У Игоря Шулинского и Анны Матвеевой — фрагментарность как форма речи, потерявшей синтаксис. Их новеллы, эпизоды, мозаики не строят общую картину, а создают пространство колебаний, в котором возможна хоть какая-то форма памяти. Сравним с тем, что делают в то же самое время представители старших поколений: Валерий Залотуха выбирает псевдоэпопею — роман «Свечка» вырастает до 1700 страниц не потому, что эпоха велика, а потому, что невозможно охватить хаос меньшим объемом. Светлана Алексиевич идет в обратную сторону — ее документальное расщепление не соединяет голосов, а оставляет их рассыпанными. Эти монологи не подлежат сборке. Они говорят сами по себе, как люди, застрявшие в лифте между эпохами. Владимир Маканин, напротив, прибегает к гротеску — у него старость превращается в эротическую сатурналию, а расстрел Белого дома становится фоном для обнаженной молитвы.
Это не соцреализм — потому что в этих книгах нет модели мира. И не постмодерн — потому что нет дистанции, нет игры, нет кода. Это литература отказа от объяснений. Здесь никто не стремится интерпретировать эпоху — только удержать в языке ее остаточное тепло. Память становится монтажом: резкой сменой планов, порванным монтажным стыком, чужим голосом, впаянным в свою интонацию.
Поколенческий взгляд на свободу
Свобода в прозе поколения 90-х не является ценностью — это перегрузка системы, свобода без рамок, без адреса, без устойчивых координат. Это не право и не горизонт, а форма обнуления, пережитая как тревога: свобода от структуры, от опоры, от языка. Там, где старшие боролись за глоток воздуха, младшие захлебнулись отсутствием стен.
Герои этих текстов не восстают и не подчиняются — они не верят. Ни государству, ни институтам, ни даже семейным сюжетам. Они не отказываются от порядка — они просто не видели, как он выглядит. Родившиеся в руинах, они и пишут исходя из этой оптики: без утопии, без ностальгии, без модели будущего.
Анна Матвеева в «Девяти девяностых» предлагает редкое среди ее ровесников движение — не назад, не в критику, а в поиск смысла на частной территории. Ее тексты не выходят на манифест, но держат тепло повседневного. Это не свет эпохи, а ночник в комнате, где никто не обещал будущего.
(У Маканина — своя версия просветления: старость как последняя утопия. В его «Испуге» нагота героя становится не только сатирическим образом, но и молитвой в чистом виде: тело, освободившееся от системы, обращено к небу. В этой наготе нет пошлости — есть попытка наконец выйти из эпохи, хотя бы в финальном кадре.)

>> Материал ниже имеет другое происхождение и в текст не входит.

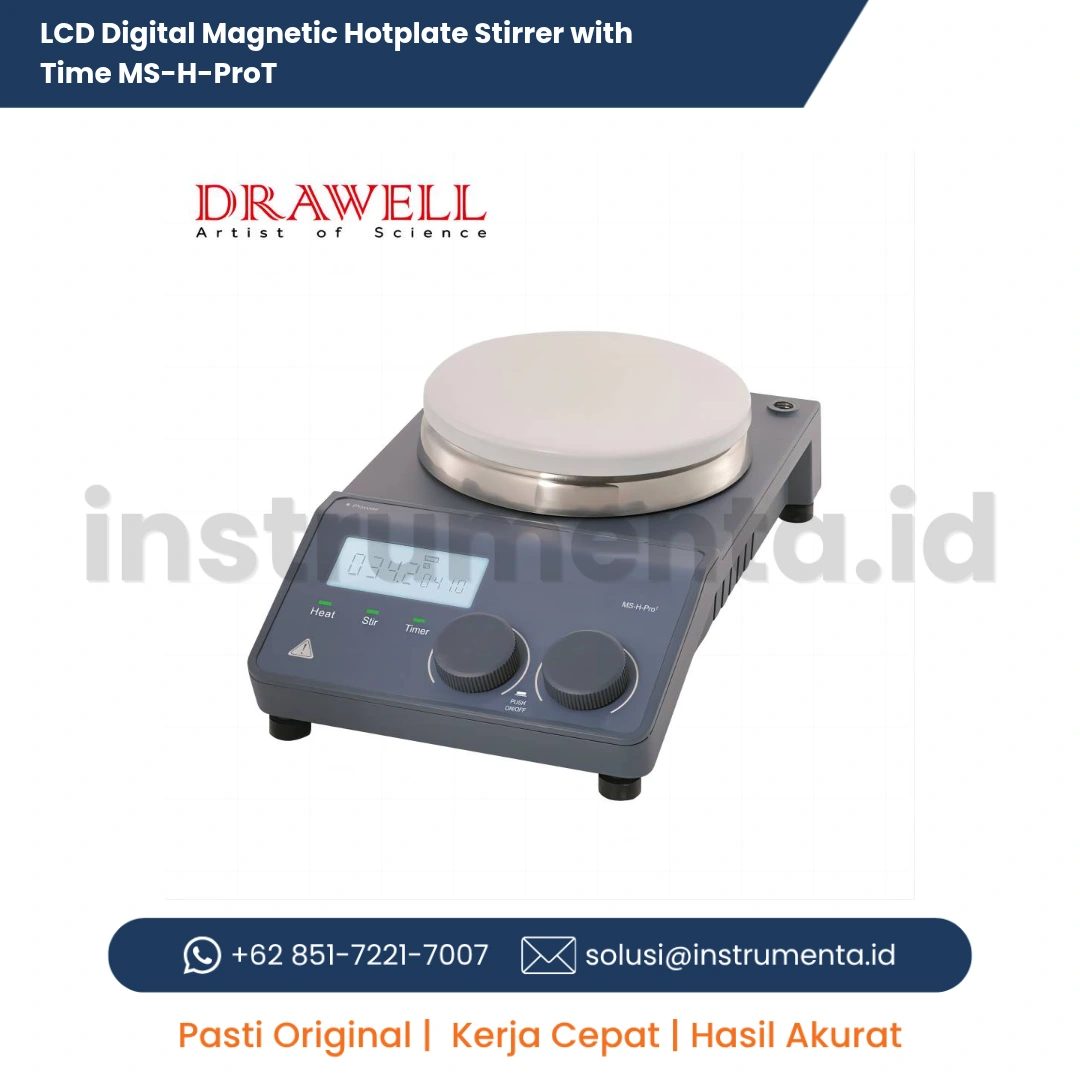 Distributor Resmi LCD Digital Magnetic Hotplate Stirrer with Time MS-H-ProT Ready Stock
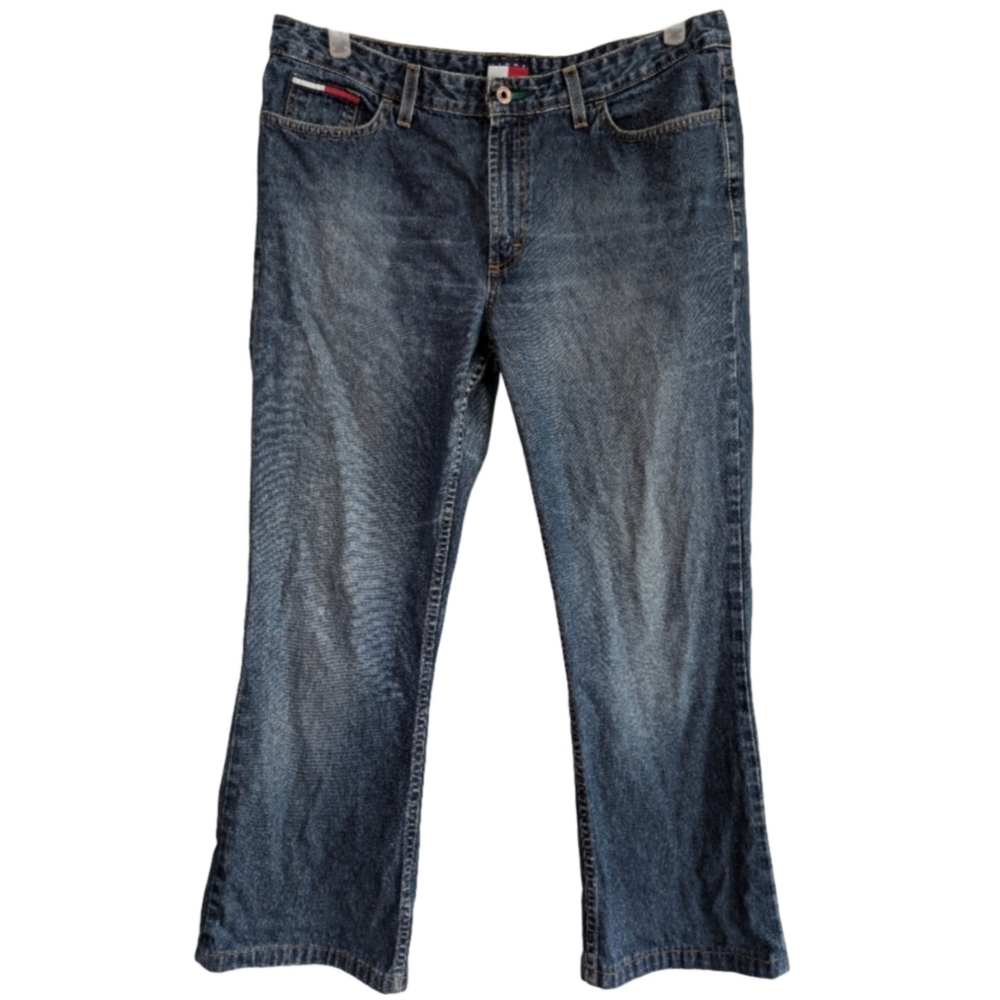 Vintage Tommy Jeans Men's 34 Cotton 100% Blue Denim Jeans Euro Flare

Заключение: не оглядываясь — пишут
Писатели 60-х шли за голосами Твардовского, Шукшина, Быкова. Даже в полемике — они писали в диалоге с авторитетом. Писатели 90-х пишут без оглядки вообще. Не потому, что дерзки, а потому, что оглянуться не на что. Их письмо рождается не из наследия, а из пустоты — и потому звучит иначе.
Они не ностальгируют. И не протестуют. Они просто фиксируют пейзаж, в котором выросли: незастроенное поле, следы на снегу, травма, которая не успела стать формой. Их проза — это не «роман поколения», не хроника эпохи, не манифест. Это разлом без эпиграфа. Открытый, неровный, живой.
И, может быть, именно в этом — ее честность. Потому что быть первым, кто говорит без кода, — не поза, а работа. Риск. И в каком-то смысле уже литература.